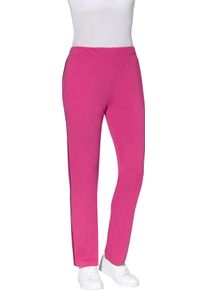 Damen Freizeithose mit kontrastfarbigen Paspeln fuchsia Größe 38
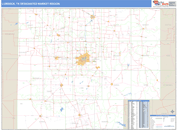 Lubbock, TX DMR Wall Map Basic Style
--
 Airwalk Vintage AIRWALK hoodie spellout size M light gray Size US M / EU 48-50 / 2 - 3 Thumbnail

WHAT IS REQUIRED: Above are entries with pictures among them. Write out exactly the lines from the one containing "Damen Freizeithose mit" through the one containing "Lubbock, TX DMR Wall Map Basic Style", ends included, and leave those pictures out.

RESPONSE TO THIS TASK:
 Damen Freizeithose mit kontrastfarbigen Paspeln fuchsia Größe 38
 Lubbock, TX DMR Wall Map Basic Style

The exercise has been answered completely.